RECORDS FOR THIS EXERCISE >>
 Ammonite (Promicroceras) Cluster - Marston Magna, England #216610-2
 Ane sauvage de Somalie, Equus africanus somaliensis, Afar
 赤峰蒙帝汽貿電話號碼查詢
...
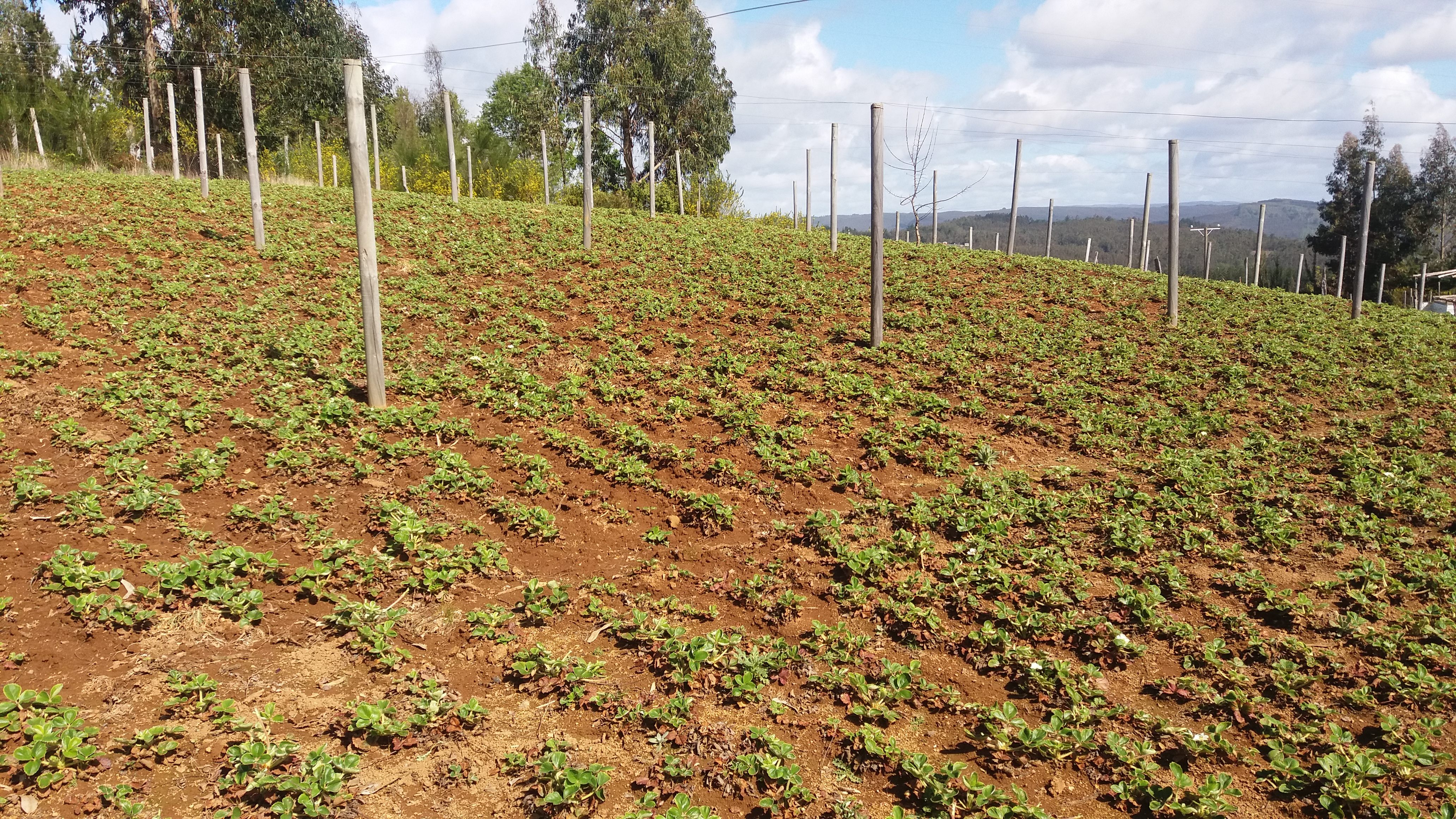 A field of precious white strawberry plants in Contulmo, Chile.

EXERCISE AIM >>
Repeat, character for character, the lines of the material above from the line with "Ane sauvage de" through the line with "赤峰蒙帝汽貿電話號碼查詢".

SOLUTION TO THE EXERCISE >>
 Ane sauvage de Somalie, Equus africanus somaliensis, Afar
 赤峰蒙帝汽貿電話號碼查詢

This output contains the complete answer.